第3話.密航
「……出航したようだな」
「……(コクッ」
遠くで鳴り響く長声一発の音にこの船が出航した事を知る……体感的にはまったく揺れを感じない事に素直に驚くと共に、『スカーレット領』や『ウィーゼライヒ領』の山間の村の様な田舎では分からなかった『レナリア帝国の文明』の発達具合を知る。
「『
魔法使いなら誰でも使えるであろう『汎用魔法』を行使して内側からコンテナの鍵を開ける……何のことはない、鍵自体を『対価』にまったく同じ鍵を作るだけ。
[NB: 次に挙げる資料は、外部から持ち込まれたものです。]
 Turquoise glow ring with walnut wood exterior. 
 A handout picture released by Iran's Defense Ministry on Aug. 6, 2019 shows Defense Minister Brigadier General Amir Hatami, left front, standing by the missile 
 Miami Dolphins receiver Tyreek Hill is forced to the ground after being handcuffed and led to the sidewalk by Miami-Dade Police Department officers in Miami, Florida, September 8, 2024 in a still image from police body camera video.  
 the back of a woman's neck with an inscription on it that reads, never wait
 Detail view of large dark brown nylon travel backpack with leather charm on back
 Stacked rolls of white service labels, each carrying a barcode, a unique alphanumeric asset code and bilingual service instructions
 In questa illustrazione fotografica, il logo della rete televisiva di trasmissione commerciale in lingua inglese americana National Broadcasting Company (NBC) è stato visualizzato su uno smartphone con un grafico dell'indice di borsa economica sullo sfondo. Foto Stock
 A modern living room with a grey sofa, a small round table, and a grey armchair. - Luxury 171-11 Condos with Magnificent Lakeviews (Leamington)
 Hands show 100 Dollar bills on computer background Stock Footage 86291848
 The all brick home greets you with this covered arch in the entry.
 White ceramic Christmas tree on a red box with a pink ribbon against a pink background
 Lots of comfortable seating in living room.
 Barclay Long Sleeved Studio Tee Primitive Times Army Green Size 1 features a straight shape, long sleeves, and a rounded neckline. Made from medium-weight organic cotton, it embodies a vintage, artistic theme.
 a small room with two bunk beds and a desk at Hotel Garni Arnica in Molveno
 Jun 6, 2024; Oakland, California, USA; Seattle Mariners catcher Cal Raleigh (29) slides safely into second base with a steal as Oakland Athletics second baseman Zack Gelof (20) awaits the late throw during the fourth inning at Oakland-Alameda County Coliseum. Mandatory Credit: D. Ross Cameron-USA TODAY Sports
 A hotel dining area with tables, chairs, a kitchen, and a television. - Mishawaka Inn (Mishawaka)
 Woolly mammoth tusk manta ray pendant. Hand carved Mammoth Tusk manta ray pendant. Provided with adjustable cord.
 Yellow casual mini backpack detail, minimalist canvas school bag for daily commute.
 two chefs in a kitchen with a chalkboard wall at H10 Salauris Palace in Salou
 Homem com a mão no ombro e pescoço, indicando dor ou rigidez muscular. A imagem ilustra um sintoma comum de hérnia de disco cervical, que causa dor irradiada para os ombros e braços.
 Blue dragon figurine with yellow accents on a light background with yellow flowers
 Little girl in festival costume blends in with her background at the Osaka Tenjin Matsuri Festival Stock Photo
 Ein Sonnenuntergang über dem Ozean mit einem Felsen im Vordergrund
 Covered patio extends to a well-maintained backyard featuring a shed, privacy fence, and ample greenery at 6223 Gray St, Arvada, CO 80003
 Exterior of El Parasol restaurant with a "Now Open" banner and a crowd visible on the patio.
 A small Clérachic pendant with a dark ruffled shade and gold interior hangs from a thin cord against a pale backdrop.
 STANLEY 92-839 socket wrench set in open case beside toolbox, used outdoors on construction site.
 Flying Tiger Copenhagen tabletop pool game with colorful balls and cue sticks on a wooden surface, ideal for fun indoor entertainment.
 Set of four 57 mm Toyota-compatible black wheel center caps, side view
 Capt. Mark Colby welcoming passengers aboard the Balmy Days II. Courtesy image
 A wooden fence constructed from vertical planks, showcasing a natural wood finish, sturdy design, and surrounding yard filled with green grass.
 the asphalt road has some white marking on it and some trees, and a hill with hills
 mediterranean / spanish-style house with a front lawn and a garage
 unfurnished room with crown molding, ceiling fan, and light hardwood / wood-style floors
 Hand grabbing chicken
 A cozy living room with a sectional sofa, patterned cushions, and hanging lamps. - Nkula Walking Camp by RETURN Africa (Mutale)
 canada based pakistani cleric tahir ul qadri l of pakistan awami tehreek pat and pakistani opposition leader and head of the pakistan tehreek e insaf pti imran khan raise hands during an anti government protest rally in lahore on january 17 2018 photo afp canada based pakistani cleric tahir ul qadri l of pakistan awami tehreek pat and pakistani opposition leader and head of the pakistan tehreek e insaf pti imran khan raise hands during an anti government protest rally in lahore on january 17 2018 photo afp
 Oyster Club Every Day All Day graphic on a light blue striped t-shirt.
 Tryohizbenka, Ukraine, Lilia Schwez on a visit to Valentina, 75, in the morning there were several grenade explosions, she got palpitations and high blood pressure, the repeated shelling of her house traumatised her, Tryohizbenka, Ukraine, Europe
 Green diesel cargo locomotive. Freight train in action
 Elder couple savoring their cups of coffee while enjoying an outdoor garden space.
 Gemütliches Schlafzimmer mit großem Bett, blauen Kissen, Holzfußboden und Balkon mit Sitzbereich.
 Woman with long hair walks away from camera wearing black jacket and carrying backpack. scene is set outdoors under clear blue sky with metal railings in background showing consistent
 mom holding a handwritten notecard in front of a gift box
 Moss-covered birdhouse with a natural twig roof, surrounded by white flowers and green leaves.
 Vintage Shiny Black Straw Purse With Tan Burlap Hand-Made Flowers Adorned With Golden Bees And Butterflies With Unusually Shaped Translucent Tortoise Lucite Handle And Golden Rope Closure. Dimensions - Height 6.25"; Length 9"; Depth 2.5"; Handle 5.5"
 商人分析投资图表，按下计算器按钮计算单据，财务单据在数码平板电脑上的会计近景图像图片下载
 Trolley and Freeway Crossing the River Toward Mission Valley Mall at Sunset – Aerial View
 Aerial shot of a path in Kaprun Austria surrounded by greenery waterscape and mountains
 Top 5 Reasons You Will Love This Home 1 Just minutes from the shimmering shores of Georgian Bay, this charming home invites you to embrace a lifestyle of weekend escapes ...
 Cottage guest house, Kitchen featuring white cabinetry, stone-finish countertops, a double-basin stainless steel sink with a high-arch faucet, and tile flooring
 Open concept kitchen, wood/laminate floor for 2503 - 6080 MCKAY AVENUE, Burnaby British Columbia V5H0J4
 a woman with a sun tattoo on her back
反則的だが、これなら『等価交換』でもあるしバレる事は無い。
「……暗いな」
「……(コクッ」
コンテナ等の積荷が詰め込まれている場所は薄暗く、それでいて肌寒い程度に冷えている……やはり中には飲食物などもあるのか、高温多湿などを避けているせいだろう。大丈夫だとは思うが風邪には気を付けないといけない。
「まるで迷路だな……出口はどこだ?」
「……見当、たり……ませ、ん……ね」
薄暗い部屋……というよりも区画といった方が正しいくらいに広い空間の天井スレスレまでに荷物が積み上げられており、少し辺りを見回したくらいではどの方角を向いているのかすら把握できない。
「……とりあえず移動しよう」
「……(コクッ」
俺たちが忍び込んだコンテナはこれから向かう『ブリーティア領』の領主へと向けた荷物らしいからな。それほど重要な荷物であるならば、作業員達が重さの違和感を伝えているはず……すぐにでもそれなりの地位の者が確認しに来るだろう。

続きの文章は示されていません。